Binding Values for the C/C++ API
To connect values passed in from C/C++ API to values in the energy specification, the functions Array
, Unknown
, Dim
, and Graph
have an argument (e.g., problemparams_position
) that binds the object in the energy specification to the argument at that numeric offset in the parameters passed to Opt.
API Example:
uint32_t dims[] = { width, height };
Plan * m_plan = Opt_ProblemPlan(m_optimizerState, m_problem, dims);
Energy Specification:
local W,H = Dim("W",0), Dim("H",1)
API Example:
int nLinearIterations = 8;
int nNonLinearIterations = 8;
float weightFitSqrt = sqrt(weightFit);
float weightRegSqrt = sqrt(weightReg);
float * d_x = ... //raw image data for x in (H,W,channel) order
float * d_a = ...
float * d_urshape = ...
float * d_constraints = ...
float * d_mask = ...
void* problemParams[] = { d_x, d_a, d_urshape, d_constraints, d_mask, &weightFitSqrt, &weightRegSqrt };
Opt_SetSolverParameter(m_optimizerState, m_plan, "nIterations", (void*)&nNonLinearIterations);
Opt_SetSolverParameter(m_optimizerState, m_plan, "lIterations", (void*)&nLinearIterations);
Opt_ProblemSolve(m_optimizerState, m_plan, problemParams);
Energy Specification:
local Offset = Unknown("Offset",float2,{W,H},0)
local Angle = Unknown("Angle",float,{W,H},1)
local UrShape = Array("UrShape", float2,{W,H},2)
local Constraints = Array("Constraints", float2,{W,H},3)
local Mask = Array("Mask", float, {W,H},4)
local w_fitSqrt = Param("w_fitSqrt", float, 5)
local w_regSqrt = Param("w_regSqrt", float, 6)
Helpers
for x,y in Stencil { {1,0},{-1,0},{0,1},{0,-1} } do
Energy(X(0,0) - X(x,y)) -- laplacian regularization
end
-- equivalent to
Energy(X(0,0) - X(1,0)) -- laplacian regularization
Energy(X(0,0) - X(-1,0)) -- laplacian regularization
Energy(X(0,0) - X(0,1)) -- laplacian regularization
Energy(X(0,0) - X(0,-1)) -- laplacian regularization
The function Stencil
is a Lua iterator that makes it easy to define similar energy functions for a set of neighboring offsets.
There currently is no equivalent iterator for nodes in a graph hyperedge, but for the time being you can roll your own using standard Lua functionality.
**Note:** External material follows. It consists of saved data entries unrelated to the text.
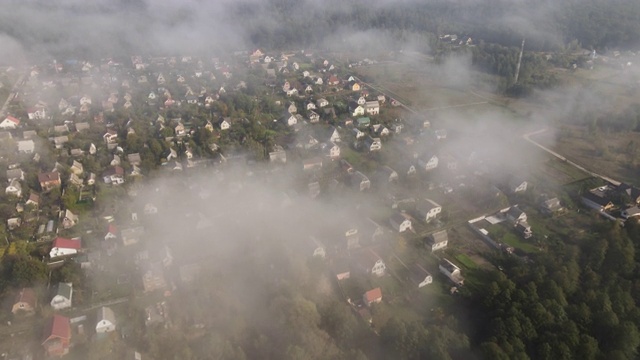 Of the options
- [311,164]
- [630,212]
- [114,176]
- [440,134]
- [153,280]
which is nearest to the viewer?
[153,280]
For example:
G = Graph("G", 3, "v0", 4, "v1", 5, "v2", 6, "v3", 7)
nodes = {"v0","v1","v2","v3"}
local result = 1.0
for _,n in ipairs(nodes) do
result = result * X(G[n])
end
Energy(result)
Solver Parameters
Solver parameters are set using the Opt_SetSolverParameter() function.
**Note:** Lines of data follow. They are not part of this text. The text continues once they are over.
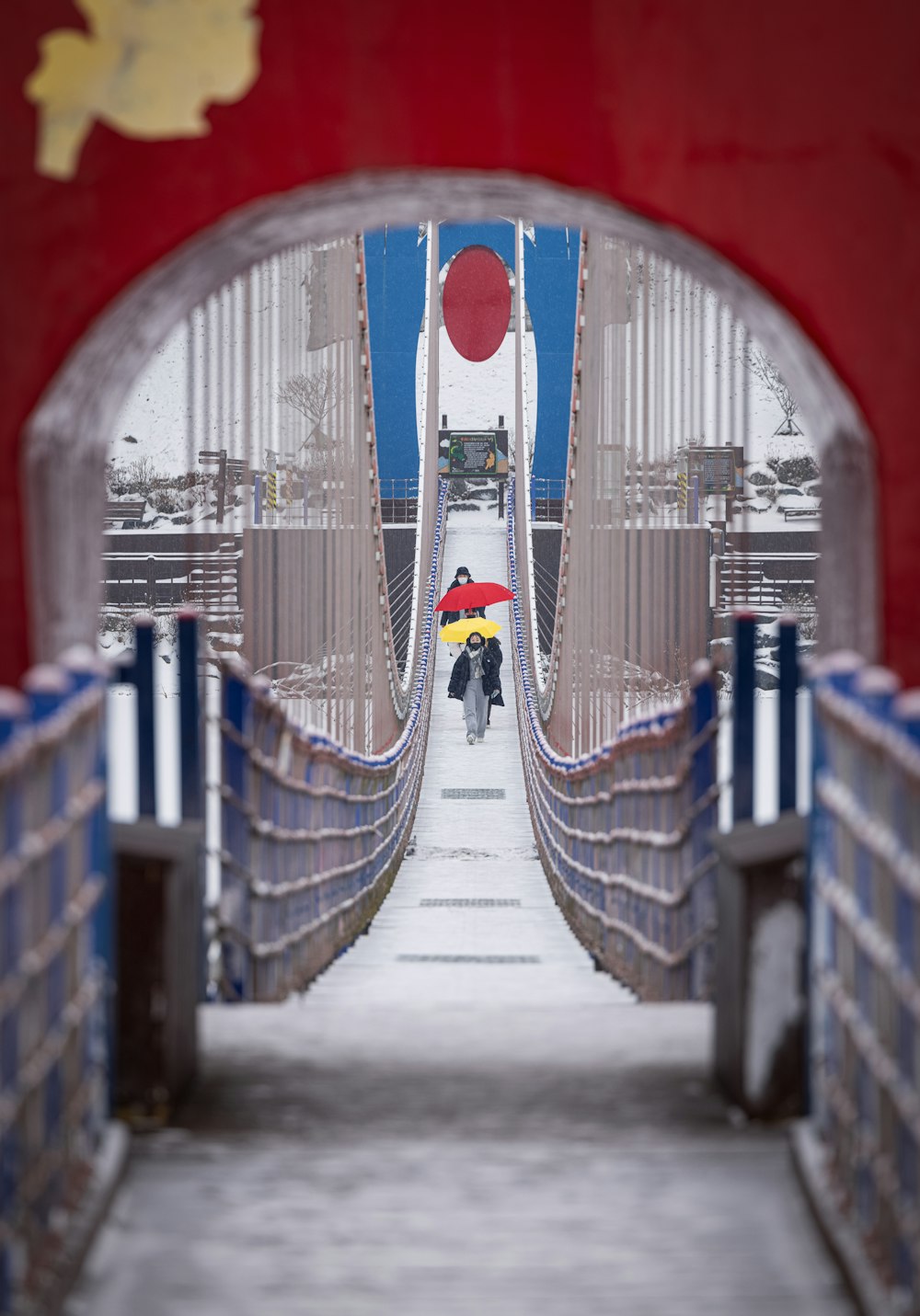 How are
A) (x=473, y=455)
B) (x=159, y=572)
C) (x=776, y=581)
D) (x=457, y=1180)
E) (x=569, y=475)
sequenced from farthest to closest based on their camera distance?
1. (x=473, y=455)
2. (x=159, y=572)
3. (x=776, y=581)
4. (x=569, y=475)
5. (x=457, y=1180)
float linearIterationCount = 25;
Opt_SetSolverParameter(m_state, m_plan, "lIterations", (void*)&linearIterationCount);
Both 'gaussNewtonGPU' and 'LMGPU' solvers have two integer (int) parameters. Here we list them, along with default values
nIterations = 10 // the number of non-linear iterations
lIterations = 10 // the number of linear iterations in each non-linear step
The 'LMGPU' solver is based off of Ceres's (http://ceres-solver.org/) version of Levenberg-Marquadt and borrows the rest of its parameter names from that. All LMGPU-exclusive parameters are floats. We list them all here for completeness, consult the Ceres documentation for more details until we flesh out this section of the documentation.
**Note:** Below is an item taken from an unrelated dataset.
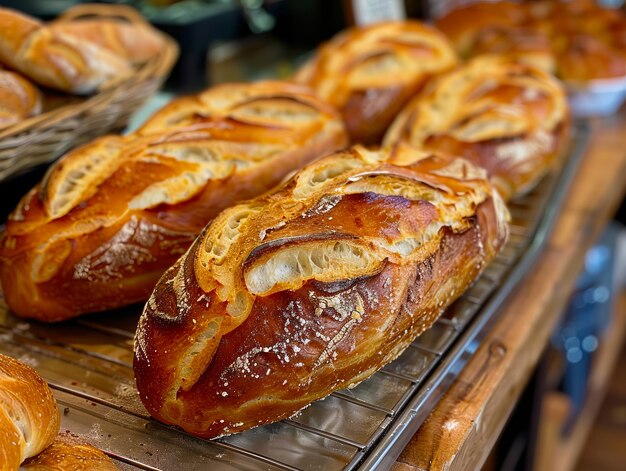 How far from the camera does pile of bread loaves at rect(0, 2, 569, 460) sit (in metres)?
0.98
min_relative_decrease = 1e-3,
min_trust_region_radius = 1e-32,
max_trust_region_radius = 1e16,
q_tolerance = 0.0001,
function_tolerance = 0.000001,
trust_region_radius = 1e4,
radius_decrease_factor = 2.0,
min_lm_diagonal = 1e-6,
max_lm_diagonal = 1e32,
Initial Guess
Opt uses the values of the unknown array you pass into it as the initial guess for the solve. Since nonlinear least-square solvers only find a local minimum, it is best if you provide Opt with a reasonable initial guess. In the absence of outside information, at least memset the values of the unknown so that Opt doesn't start with garbage data for the initial guess, which may contain infinities or even NaNs!
Common Problems
- All examples/tests immediately quit with an error message about cudalib being nil:
- Your Terra installation likely does not have CUDA enabled. You can double check by running the Terra tests, and seeing if the cuda tests fail. Remember to install CUDA 7.5 before running Opt. On windows, the binary release searches for the CUDA compiler binaries using the CUDA_PATH environment variable. The default installation of the CUDA 7.5 Toolkit sets these paths, but if you did a nonstandard installation or subsequently installed a different version of CUDA, you will need to (re)set the path yourself.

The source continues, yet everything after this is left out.